In the past, I've been certain that I wanted to begin with traditional publishing, because it fit my situation. But my life's been changing, and I'm no longer positive that traditional publishing would be the better place for me to begin. I won't say it isn't for others--I stand firm in that each author's situation is different, and only she or he can decide which is best for her--but I've been putting more and more thought into beginning through self-publishing. I have not made up mind yet either way; I'm still evaluating the resources I have at hand before making a final decision. And thanks to the group, I've got more resources at my fingertips than I could have imagined, and peers to offer advice on how to make the best use of them.
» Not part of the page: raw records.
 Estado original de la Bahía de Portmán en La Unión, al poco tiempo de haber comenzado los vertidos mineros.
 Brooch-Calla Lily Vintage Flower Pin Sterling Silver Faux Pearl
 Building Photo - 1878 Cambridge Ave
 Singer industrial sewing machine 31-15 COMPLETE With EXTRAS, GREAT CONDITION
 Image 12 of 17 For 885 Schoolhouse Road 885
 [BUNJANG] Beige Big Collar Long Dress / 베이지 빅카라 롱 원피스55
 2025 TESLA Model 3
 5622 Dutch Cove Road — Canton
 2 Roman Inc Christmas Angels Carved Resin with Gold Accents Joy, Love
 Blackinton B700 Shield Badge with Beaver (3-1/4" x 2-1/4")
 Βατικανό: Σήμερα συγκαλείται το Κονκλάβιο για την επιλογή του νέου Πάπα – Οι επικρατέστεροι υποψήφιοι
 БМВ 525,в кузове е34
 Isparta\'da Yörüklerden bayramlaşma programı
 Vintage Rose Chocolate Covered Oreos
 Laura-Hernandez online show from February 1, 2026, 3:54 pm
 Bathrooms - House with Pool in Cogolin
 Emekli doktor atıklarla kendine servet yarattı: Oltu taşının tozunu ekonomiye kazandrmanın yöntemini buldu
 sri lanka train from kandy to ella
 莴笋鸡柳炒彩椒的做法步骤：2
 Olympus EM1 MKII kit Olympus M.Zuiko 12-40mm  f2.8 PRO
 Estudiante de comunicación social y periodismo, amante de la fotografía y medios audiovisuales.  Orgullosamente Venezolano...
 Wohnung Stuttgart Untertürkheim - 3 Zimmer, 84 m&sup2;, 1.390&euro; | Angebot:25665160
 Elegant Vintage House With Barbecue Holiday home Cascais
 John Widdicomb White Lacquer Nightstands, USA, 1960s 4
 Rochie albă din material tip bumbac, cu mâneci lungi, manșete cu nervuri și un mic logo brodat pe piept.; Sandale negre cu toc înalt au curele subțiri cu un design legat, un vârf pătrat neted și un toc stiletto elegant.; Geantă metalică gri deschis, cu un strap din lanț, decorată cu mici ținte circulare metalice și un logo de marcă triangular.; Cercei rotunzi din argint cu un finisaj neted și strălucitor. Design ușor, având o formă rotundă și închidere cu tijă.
But I do need to make a business plan. A writer in the FF&P, an online chapter of the RWA aimed at futuristic, fantasy, and paranormal romances (thus the name), shared a set of links she'd found to another author's discussion on how she made her business plans:

Business plans for self-published authors, part 1
Business plans for self-published authors, part 2
Business plans for self-published authors, part 3

My plan won't be 26 pages long (I don't think...), and it may not look like hers. I will make my first one as if I had decided to self publish, because it's easier to not factor publishers and agents' time tables into mine. If need be, I'll create another to fit a hybrid model to include traditional publishing. But every writer, regardless of publishing path, needs a plan.

I think it's about darn time to make mine.

Do you have a business plan? What's one thing you decided you absolutely needed to include in it?